Il ne fut pas dupe. Pour toute réponse, Guillaume de Lebestourac toussit avant d’éclater de ce rire fort et gras dont lui seul avait le secret et me montra du doigt quelque chose dans les sous-bois, à l’ouest de notre position. J’y portai aussitôt mon attention.

 

Un échelon de cavalerie s’y tenait à présent, la lance en arrêt sur l’arçon. Il surveillait, pour y parer, une éventuelle tentative de sortie de notre part. Mais les Godons n’envisageaient assurément pas un assaut à partir de là.

Le fossé, de plus en plus profond à mesure qu’on approchait de la barbacane du donjon, avoisinait les cinq toises de hauteur. Le pont-levis était rouillé, c’est-à-dire levé ou baissé par une ingénieuse mécanique de poulies et d’élingues.
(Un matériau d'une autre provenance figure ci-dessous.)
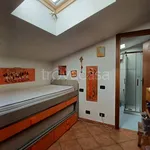 Rent 3 bedroom apartment of 80 m² in Rome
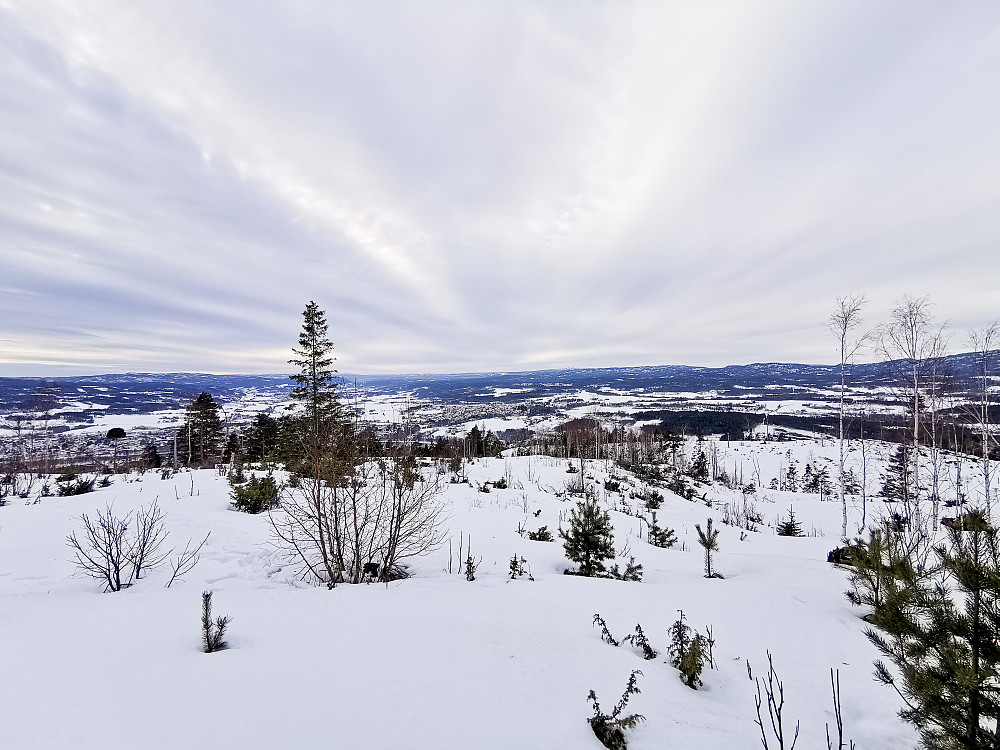 Utsikt fra Krukekollen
La porte, à l’ouest, communiquait avec la salle des Gardes. Elle était dominée par la guette qui coiffait le donjon à son angle sud-ouest. Bien que le château semblât plus vulnérable d’icelui côté parce que sa base se situait en contrebas du terrain qui le jouxtait, l’arête aiguë et acérée comme un couperet que formait l’angle du donjon était d’un effet saisissant. Elle avait été conçue pour dévier avec efficacité des boulets lancés contre ses murs qui n’étaient percés que de rares meurtrières en forme de croix pattées.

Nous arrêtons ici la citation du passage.